Health Check

Evaluating the health of an application means evaluating the health of various features, and aggregating these local evaluations into a process health evaluation. The Health Check feature checks for things such as:

the engine server CPU and memory consumption are within reasonable ranges
there is a running connection to the Data Server
there is a running connection to the database

Should one of these critical resources be down, the server can be considered to be in a critical state.

This extensible and configurable framework supplies a HTTP REST API which allows for the implementation of Kubernetes sensors as well as an external monitoring tool to request the health of a Calypso server.

The REST API is available on all Calypso servers.

 

1. Health Check Layout

The Health Check framework considers each server as a collection of sub systems (like System, Calypso or Engines that are configured to run on the server). Each sub system maintains a collection of health check sensors, such as memory usage, unconsumed events, etc....

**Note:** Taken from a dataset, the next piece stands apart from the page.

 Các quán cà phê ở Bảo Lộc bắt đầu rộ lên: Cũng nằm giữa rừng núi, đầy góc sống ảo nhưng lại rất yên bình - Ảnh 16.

Upon reception of a health request, the framework cascades the request down to each love sub-system and then down to each sensor handled by the sub-system.

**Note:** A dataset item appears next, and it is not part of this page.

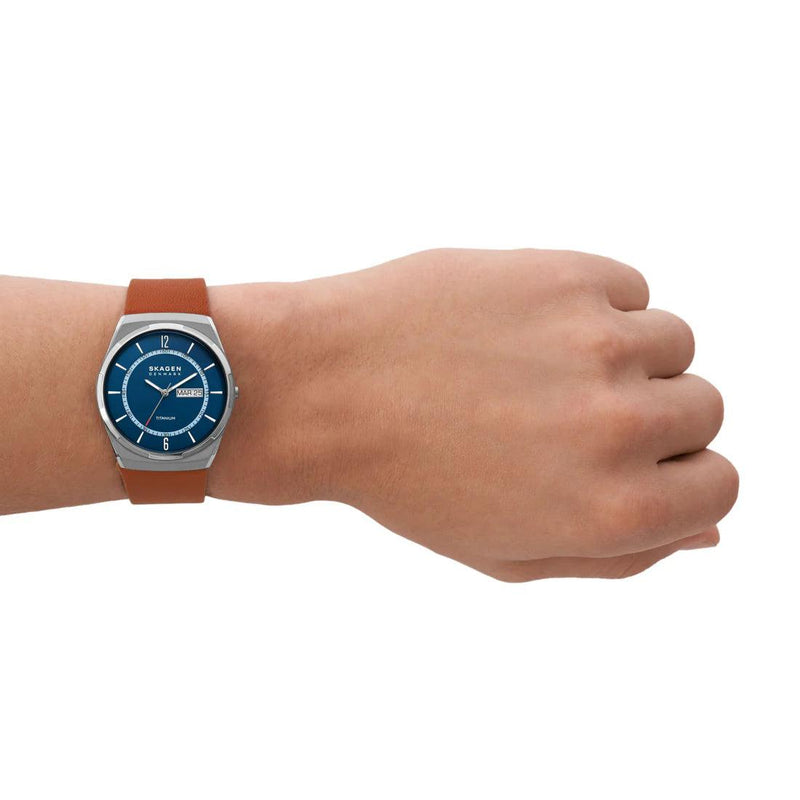Skagen Melbye Titanium Ø40mm SKW6906 analog herrklocka med blå urtavla och armband i läder
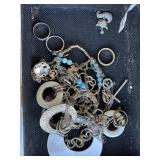 Keepsake box w/misc ladies jewelry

Each sensor evaluates its health and returns its health status through an object carrying a state (Green, Amber or Red) and some additional details.

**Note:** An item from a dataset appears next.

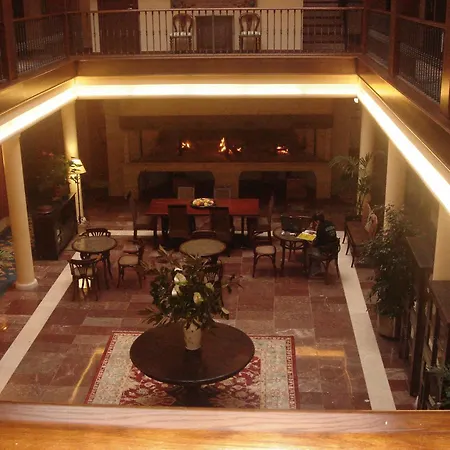 Hotel La Mansión 4*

Each sub-system aggregates its sensors' health and computes its state accordingly.  The framework aggregates sub-systems' health and computes the overall health state.

The table below gives examples of sub-subsystems and related sensors:

Sub-System Samples

Available Sensors

The System sub-system could have:

a sensor checking for memory usage
a sensor checking the GC activity
a sensor monitoring CPU usage

 

Presently, the System only supplies the memory usage sensor.

Engine sub-systems have:

a sensor checking that the engine is up and running
a sensor monitoring the number of unconsumed events to be processed.

 

1.1 Sensor Health Check

Each sensor evaluates its health by computing a metric value that it compares with an amber and/or a red threshold. At least one of the two thresholds must not be null.

If the metric value hits the red threshold, the sensor will return a health object whose state is red.
If the metric value hits the amber threshold, the sensor returns an object whose state is amber.
Otherwise, the sensor returns a health object whose state is green.

 

1.2 Sub-System Health Check

Once the health of the children sensors are collected, the sub-system computes its health through the following algorithm:

If a critical sensor has a red state, the sub-system state is red.
If a non-critical sensor has a red state or if a critical sensor has an amber state, the sub-system state is amber.
Otherwise, the sub-system state is green.

 

1.3 Process Health Check

The same framework that applies for sub-system health check applies for process health check.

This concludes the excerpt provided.